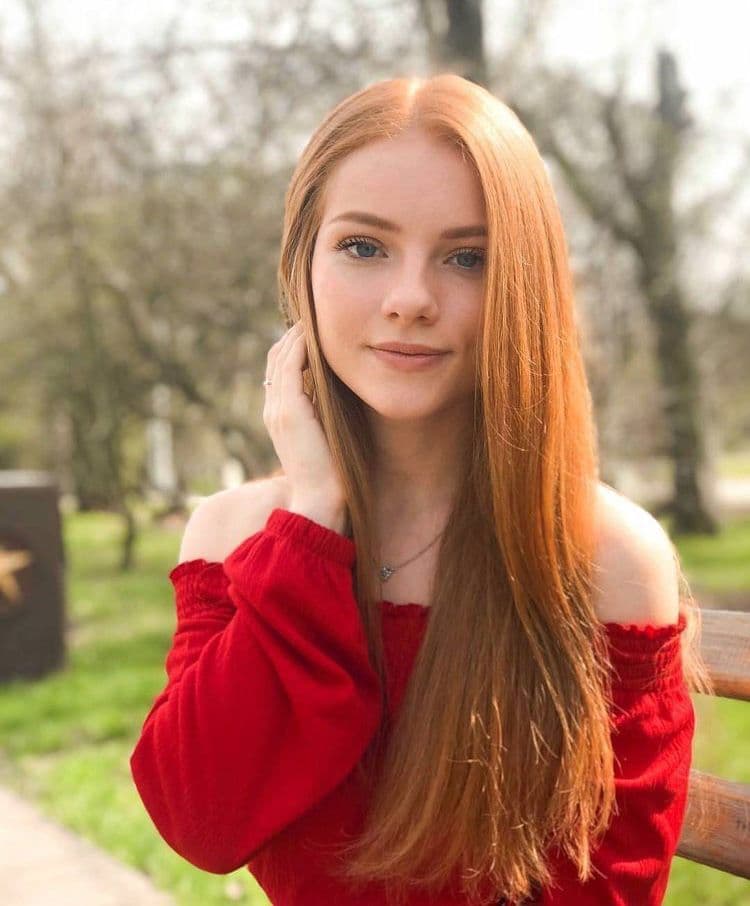 Chère lectrice rousse aux petits seins : POV Candice (5e partie)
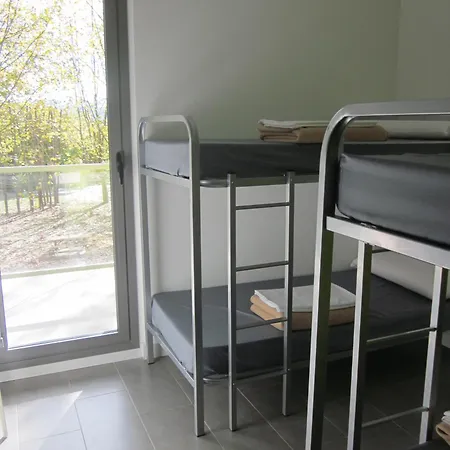 Hostel Uba San Sebastian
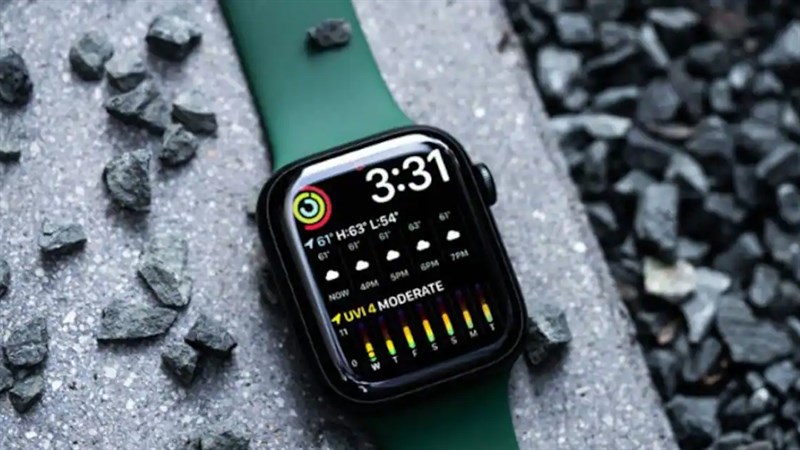 Apple Watch sẽ có tính năng kết nối vệ tinh Apple Watch sẽ có tính năng kết nối vệ tinh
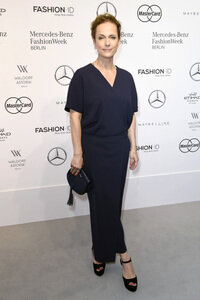 Mercedes-Benz Fashion Week Berlin Spring/Summer 2017
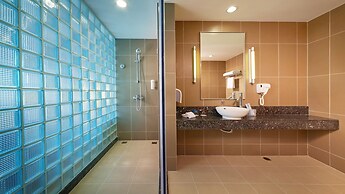 Holiday Inn Express Nantong Downtown by IHG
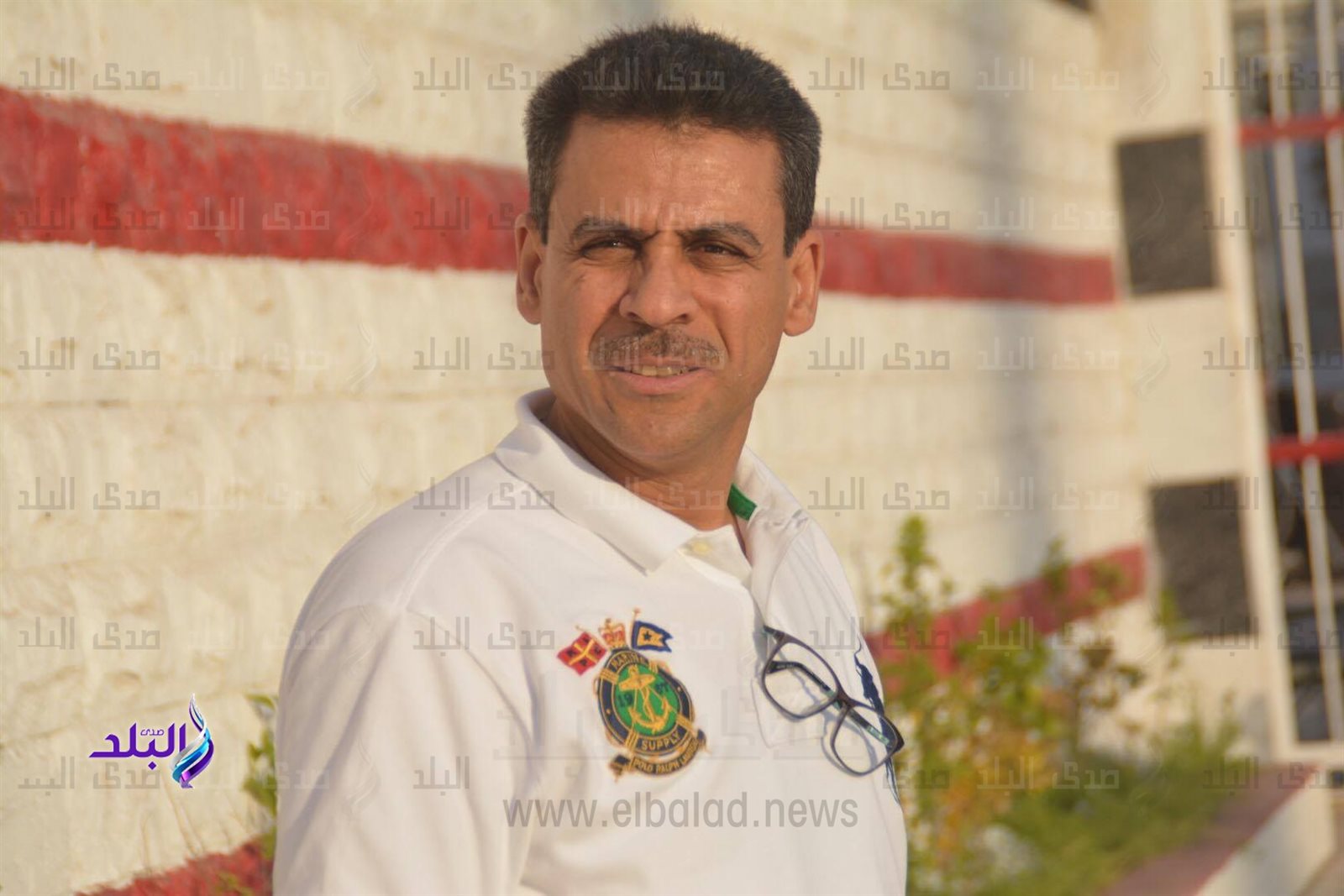 حسين السيد حسين السيد
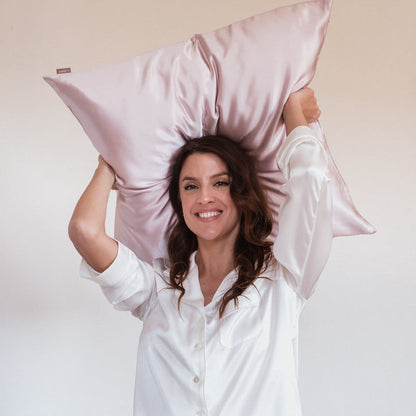 PACK-CADEAU DE 4 PRODUITS PURE SOIE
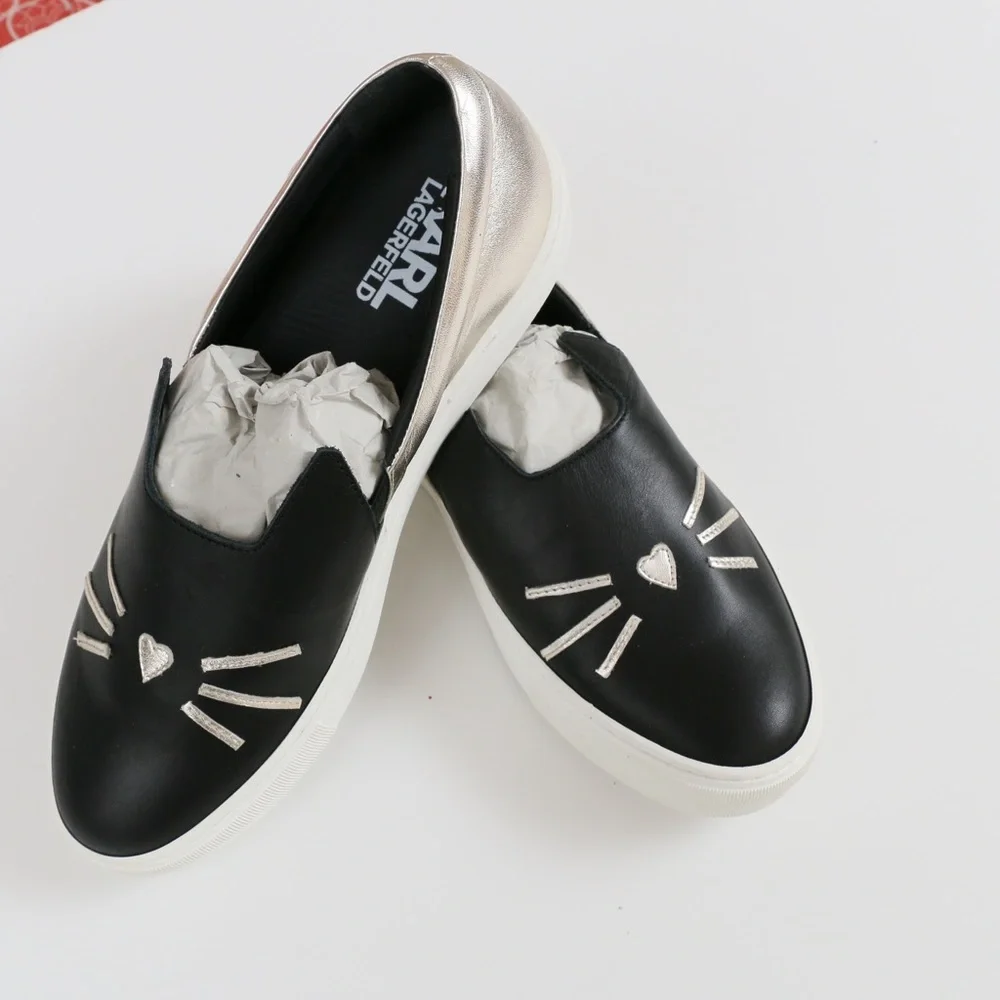 Karl Lagerfeld BRAND NEW - Picture 2 of 5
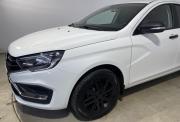 Lada (ВАЗ) Vesta I Рестайлинг (NG) Саранск  - изображение 45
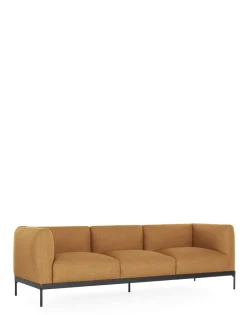 Outlet Asia divano 3 posti (panamino) Divani E Pouf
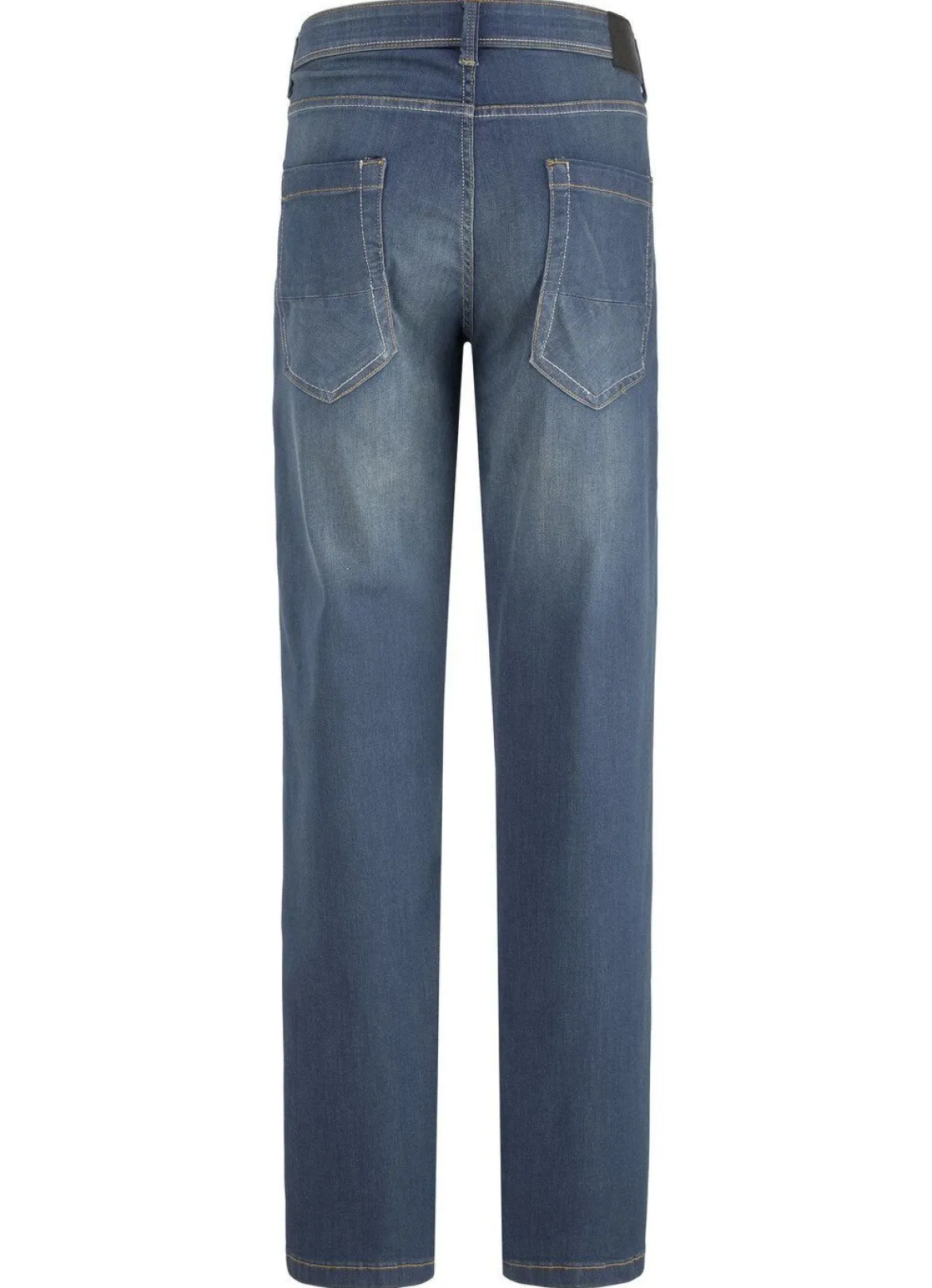 Jeans in 3 Farben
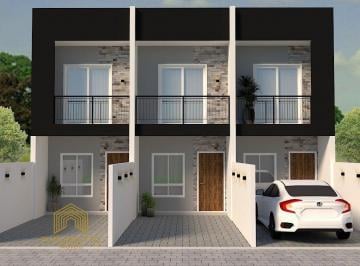 Casa · 67m² · 2 Quartos · Casa à venda - em João Costa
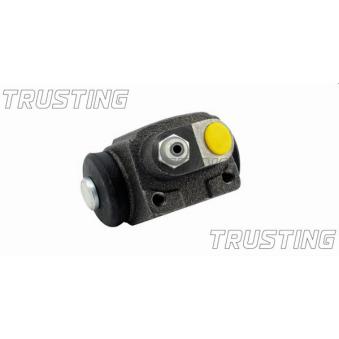 Cylindre de roue TRUSTING OEM 91AB2261BA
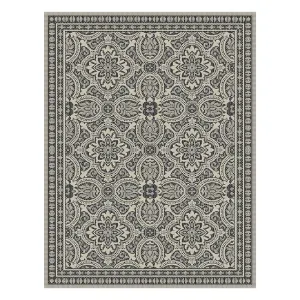 Obrazek Dywan Terazza 1,2/1,7 21193 beżowy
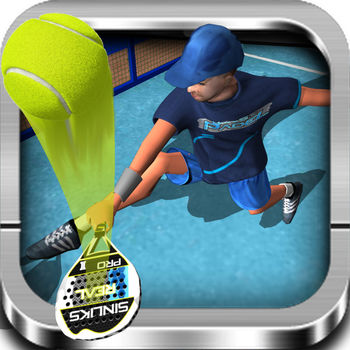 桨网球英雄苹果（iOS/iPhone）版官方最新版免费下载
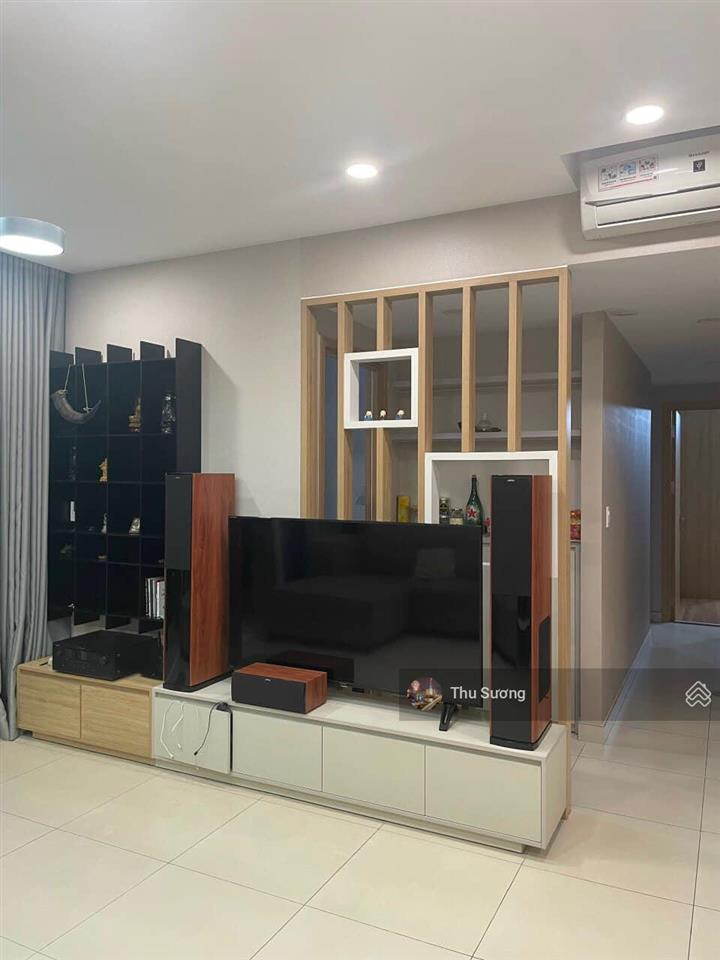 Giá tốt thuê nhanh carillon 7 (87m2  2pn  2 wc) ntcb thuê 12tr/th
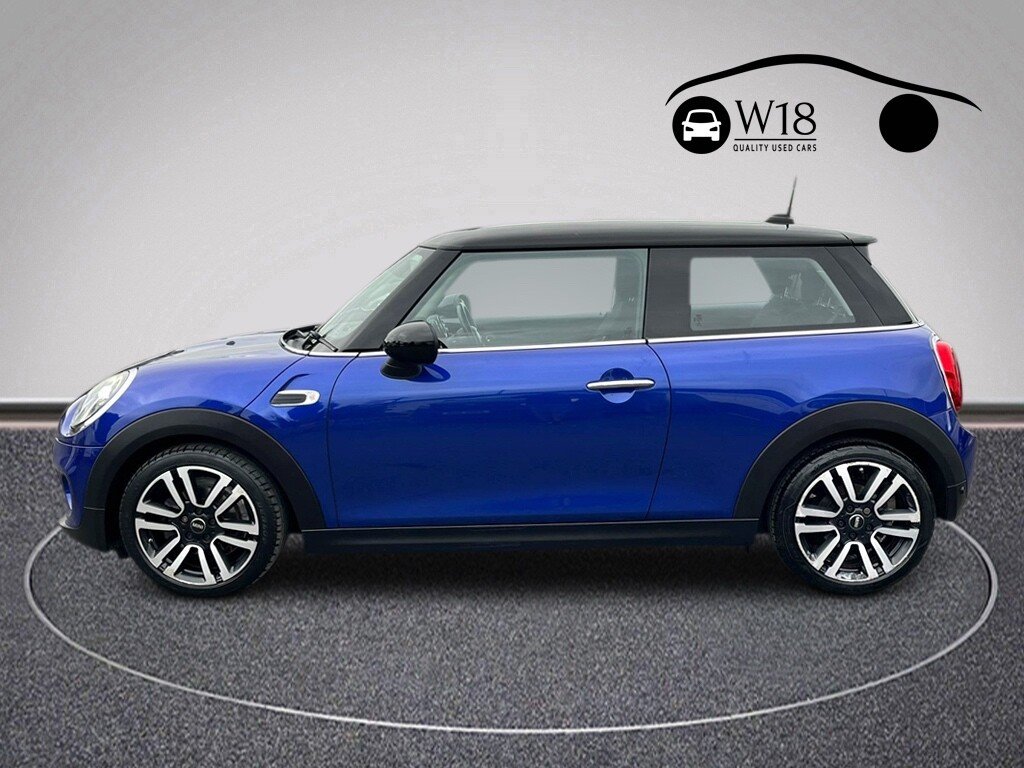Used MINI Hatch 2018 for sale - 75998501: Photo 7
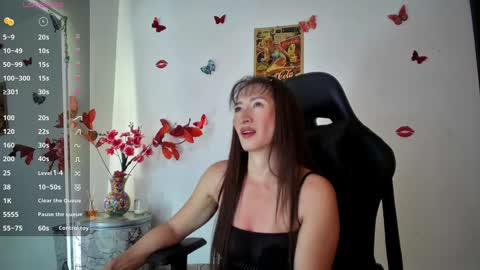 Ava Tomas online show from January 14, 2025, 2:19 am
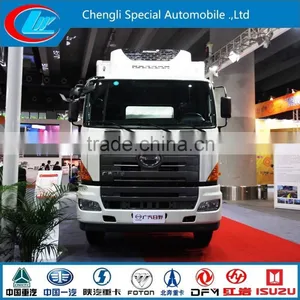 Quality Product China Direct Factory 4x2 2T Mini Cargo Van thumbnail-2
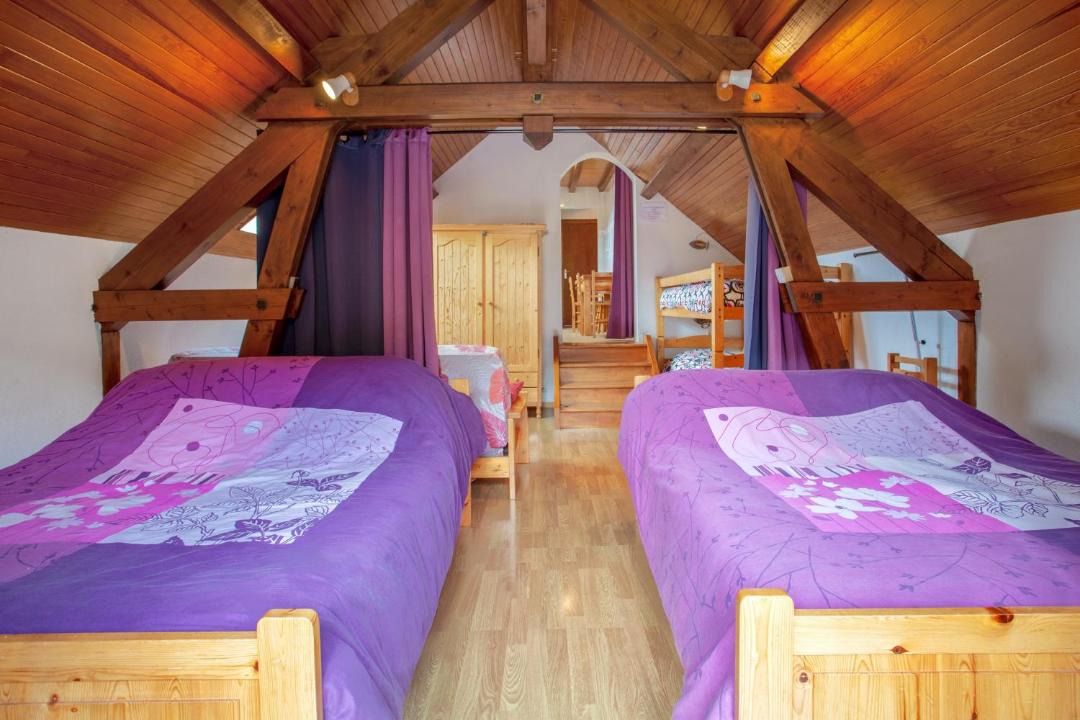 Photo of Bedroom in La Garde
+ + + +
AIM OF THE EXERCISE: Reproduce, word for word, every line from the start of the records down to and including the line with "Holiday Inn Express Nantong Downtown by IHG"; skip the pictures.

EXERCISE RESPONSE:
 Chère lectrice rousse aux petits seins : POV Candice (5e partie)
 Hostel Uba San Sebastian
 Apple Watch sẽ có tính năng kết nối vệ tinh Apple Watch sẽ có tính năng kết nối vệ tinh
 Mercedes-Benz Fashion Week Berlin Spring/Summer 2017
 Holiday Inn Express Nantong Downtown by IHG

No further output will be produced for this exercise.